Conditions oral cancer, oropharynx cancer
Treatment radiotherapy 50 gy
Sponsor Gustave Roussy, Cancer Campus, Grand Paris
Collaborator Groupe d'Etude des Tumeurs de la Tête Et du Cou
Start date October 2005
End date June 2014
Trial size 310 participants
Trial identifier NCT00232960, Marges-ORL


There is no consensus on the indication of postoperative radiotherapy for early stages oral and oropharyngeal squamous cell carcinoma with complete pathological resection and no neck node metastasis, but most of the institutions do not give any post-operative treatment. Loco-regional control rates range between 80-85% at five years. Surgical margins molecular analysis for microsatellite instability (MSI) marker could help to select the high-risk patients who should receive postoperative radiotherapy. We expect to include 120 patients in five years and have 60 informative tumors for MSI marker. Patients with positive molecular margins will receive postoperative radiotherapy (50 Gy). Patients with negative molecular margins will not receive radiotherapy.
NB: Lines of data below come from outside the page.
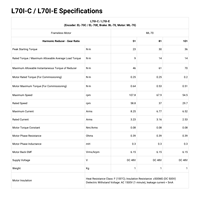Actuador de articulación robótica Doingwin L70I 48V 100Nm, servomotor de alto torque con reductor armónico para brazo industrial de 6 ejes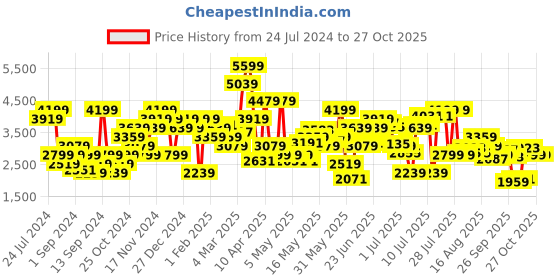 myntra.com Tommy Hilfiger Men Sustainable Pure Cotton Striped Mid-Rise Joggers tommy hilfiger Price History Graph from 24 Jul 2024 to 26 Oct 2025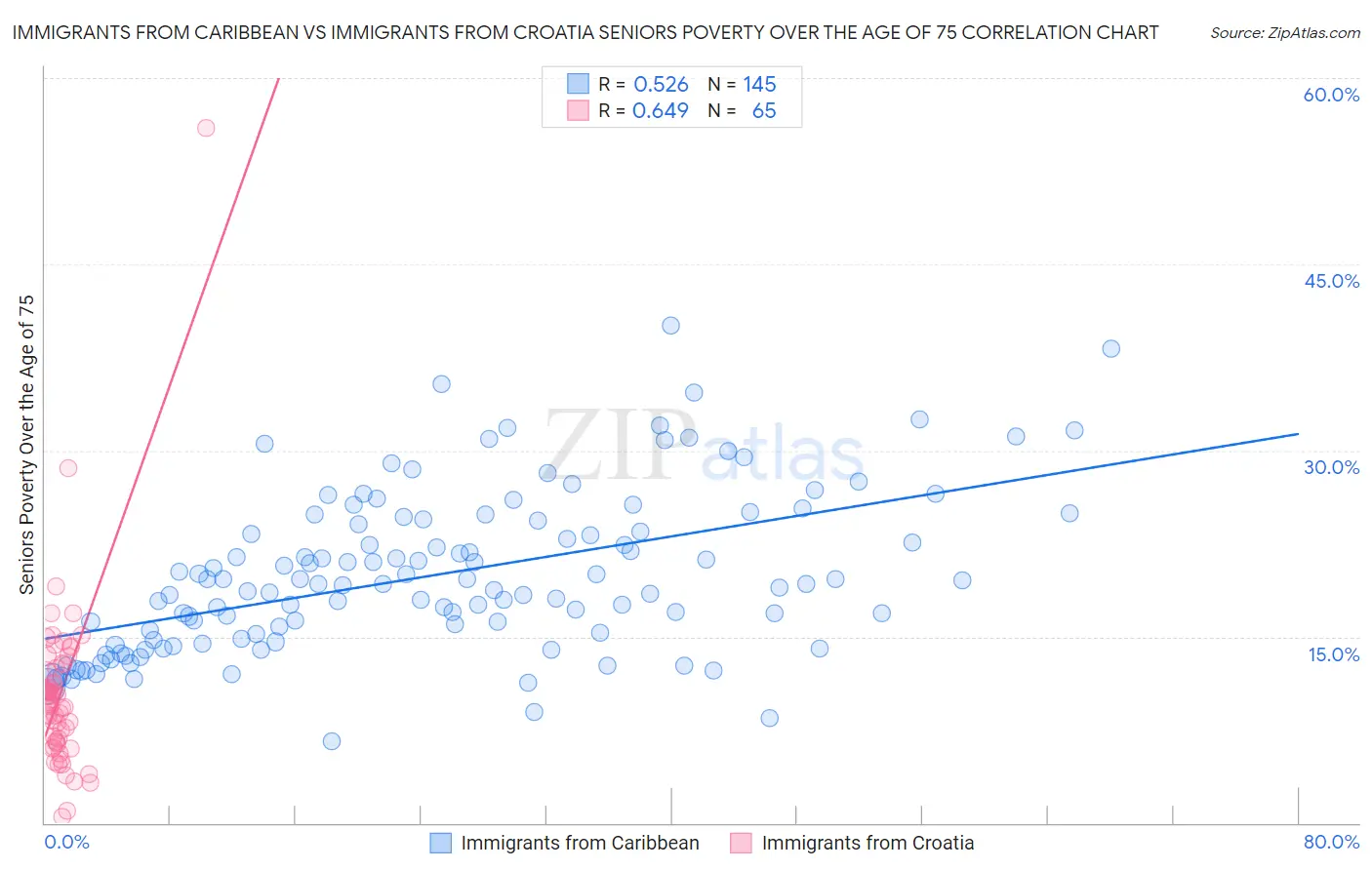 Immigrants from Caribbean vs Immigrants from Croatia Seniors Poverty Over the Age of 75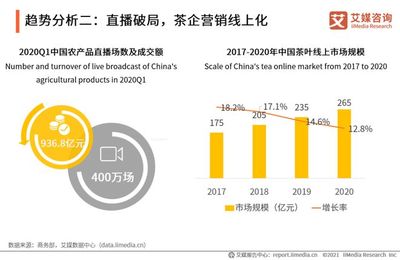 2020年中國茶葉行業(yè)市場現(xiàn)狀及用戶調研分析報告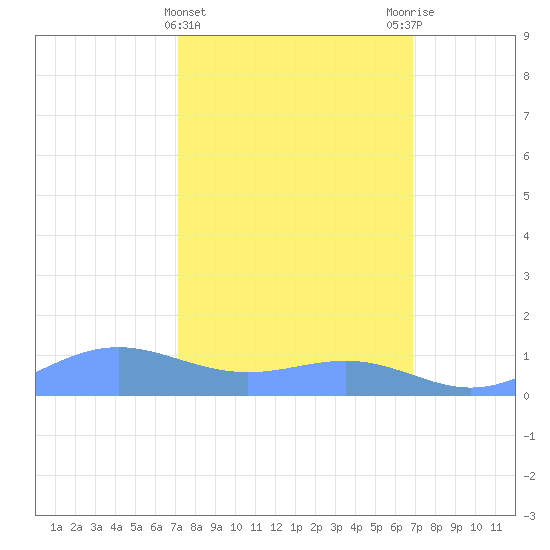Sand Island tide chart for Sunday, March 5, 2023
United States No locations recruiting
Other countries No locations recruiting

Study Design

Allocation non-randomized
Endpoint classification efficacy study
Intervention model single group assignment
Masking open label
Primary purpose treatment

Primary Outcomes

loco-regional control
time frame: 5 years

Eligibility Criteria

Male or female participants at least 18 years old.
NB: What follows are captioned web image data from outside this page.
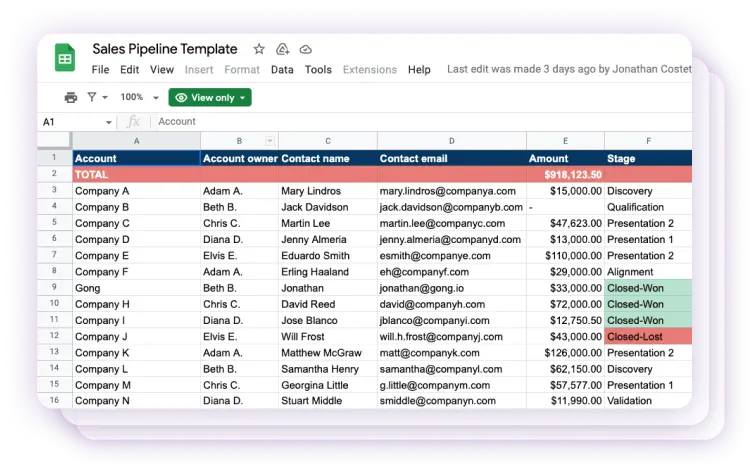 Free Excel Sales Pipeline Template (It Works With Google Sheets Too)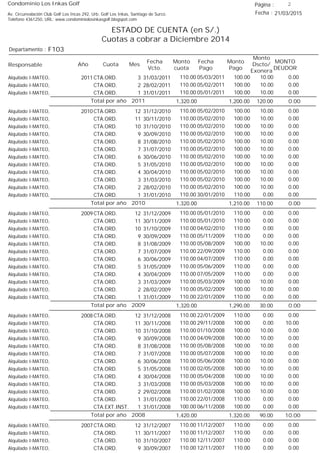 Condominio Los Inkas Golf
ESTADO DE CUENTA (en S/.)
Cuotas a cobrar a Diciembre 2014
Fecha : 21/03/2015Av. Circunvalación Club Golf Los Incas 292, Urb. Golf Los Inkas, Santiago de Surco.
Teléfono 4361250, URL: www.condominiolosinkasgolf.blogspot.com
Página : 2
F103Departamento :
AñoResponsable
Fecha
Vcto.
MONTO
DEUDOR
Cuota Mes
Monto
cuota
Monto
Pago
Monto
Dscto/
Exonera
Fecha
Pago
2011 CTA.ORD. 3Alquilado I-MATEO, 31/03/2011 0.0005/03/2011 10.00100.00110.00
CTA.ORD. 2Alquilado I-MATEO, 28/02/2011 0.0005/02/2011 10.00100.00110.00
CTA.ORD. 1Alquilado I-MATEO, 31/01/2011 0.0005/01/2011 10.00100.00110.00
0.00Total por año 2011 120.001,200.001,320.00
2010 CTA.ORD. 12Alquilado I-MATEO, 31/12/2010 0.0005/02/2010 10.00100.00110.00
CTA.ORD. 11Alquilado I-MATEO, 30/11/2010 0.0005/02/2010 10.00100.00110.00
CTA.ORD. 10Alquilado I-MATEO, 31/10/2010 0.0005/02/2010 10.00100.00110.00
CTA.ORD. 9Alquilado I-MATEO, 30/09/2010 0.0005/02/2010 10.00100.00110.00
CTA.ORD. 8Alquilado I-MATEO, 31/08/2010 0.0005/02/2010 10.00100.00110.00
CTA.ORD. 7Alquilado I-MATEO, 31/07/2010 0.0005/02/2010 10.00100.00110.00
CTA.ORD. 6Alquilado I-MATEO, 30/06/2010 0.0005/02/2010 10.00100.00110.00
CTA.ORD. 5Alquilado I-MATEO, 31/05/2010 0.0005/02/2010 10.00100.00110.00
CTA.ORD. 4Alquilado I-MATEO, 30/04/2010 0.0005/02/2010 10.00100.00110.00
CTA.ORD. 3Alquilado I-MATEO, 31/03/2010 0.0005/02/2010 10.00100.00110.00
CTA.ORD. 2Alquilado I-MATEO, 28/02/2010 0.0005/02/2010 10.00100.00110.00
CTA.ORD. 1Alquilado I-MATEO, 31/01/2010 0.0030/01/2010 0.00110.00110.00
0.00Total por año 2010 110.001,210.001,320.00
2009 CTA.ORD. 12Alquilado I-MATEO, 31/12/2009 0.0005/01/2010 0.00110.00110.00
CTA.ORD. 11Alquilado I-MATEO, 30/11/2009 0.0005/01/2010 0.00110.00110.00
CTA.ORD. 10Alquilado I-MATEO, 31/10/2009 0.0004/02/2010 0.00110.00110.00
CTA.ORD. 9Alquilado I-MATEO, 30/09/2009 0.0005/11/2009 0.00110.00110.00
CTA.ORD. 8Alquilado I-MATEO, 31/08/2009 0.0005/08/2009 10.00100.00110.00
CTA.ORD. 7Alquilado I-MATEO, 31/07/2009 0.0022/09/2009 0.00110.00110.00
CTA.ORD. 6Alquilado I-MATEO, 30/06/2009 0.0004/07/2009 0.00110.00110.00
CTA.ORD. 5Alquilado I-MATEO, 31/05/2009 0.0005/06/2009 0.00110.00110.00
CTA.ORD. 4Alquilado I-MATEO, 30/04/2009 0.0007/05/2009 0.00110.00110.00
CTA.ORD. 3Alquilado I-MATEO, 31/03/2009 0.0005/03/2009 10.00100.00110.00
CTA.ORD. 2Alquilado I-MATEO, 28/02/2009 0.0005/02/2009 10.00100.00110.00
CTA.ORD. 1Alquilado I-MATEO, 31/01/2009 0.0022/01/2009 0.00110.00110.00
0.00Total por año 2009 30.001,290.001,320.00
2008 CTA.ORD. 12Alquilado I-MATEO, 31/12/2008 0.0022/01/2009 0.00110.00110.00
CTA.ORD. 11Alquilado I-MATEO, 30/11/2008 10.0029/11/2008 0.00100.00110.00
CTA.ORD. 10Alquilado I-MATEO, 31/10/2008 0.0001/10/2008 10.00100.00110.00
CTA.ORD. 9Alquilado I-MATEO, 30/09/2008 0.0004/09/2008 10.00100.00110.00
CTA.ORD. 8Alquilado I-MATEO, 31/08/2008 0.0005/08/2008 10.00100.00110.00
CTA.ORD. 7Alquilado I-MATEO, 31/07/2008 0.0005/07/2008 10.00100.00110.00
CTA.ORD. 6Alquilado I-MATEO, 30/06/2008 0.0005/06/2008 10.00100.00110.00
CTA.ORD. 5Alquilado I-MATEO, 31/05/2008 0.0002/05/2008 10.00100.00110.00
CTA.ORD. 4Alquilado I-MATEO, 30/04/2008 0.0005/04/2008 10.00100.00110.00
CTA.ORD. 3Alquilado I-MATEO, 31/03/2008 0.0005/03/2008 10.00100.00110.00
CTA.ORD. 2Alquilado I-MATEO, 29/02/2008 0.0001/02/2008 10.00100.00110.00
CTA.ORD. 1Alquilado I-MATEO, 31/01/2008 0.0022/01/2008 0.00110.00110.00
CTA.EXT.INST. 1Alquilado I-MATEO, 31/01/2008 0.0006/11/2008 0.00100.00100.00
10.00Total por año 2008 90.001,320.001,420.00
2007 CTA.ORD. 12Alquilado I-MATEO, 31/12/2007 0.0011/12/2007 0.00110.00110.00
CTA.ORD. 11Alquilado I-MATEO, 30/11/2007 0.0011/12/2007 0.00110.00110.00
CTA.ORD. 10Alquilado I-MATEO, 31/10/2007 0.0012/11/2007 0.00110.00110.00
CTA.ORD. 9Alquilado I-MATEO, 30/09/2007 0.0012/11/2007 0.00110.00110.00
Inclusion Criteria: - Oral and oropharynx (exclusion vallecula) squamous cell carcinoma - T1 or T2 - unique, untreated tumor - N0 or nodes <3cm - complete pathological resection - no perineural spread, vascular emboli <5 - pN0 or <=2N+R- - signed inform consent Exclusion Criteria: - Vallecula carcinoma

Additional Information

Official title Postoperative Radiotherapy According to Molecular Analysis of Surgical Margins of Early Stages Oral and Oropharyngeal Squamous Cell Carcinomas: A Prospective Study
Principal investigator Stephane Temam
Trial information was received from ClinicalTrials.gov and was last updated in March 2012.
Information provided to ClinicalTrials.gov by Gustave Roussy, Cancer Campus, Grand Paris.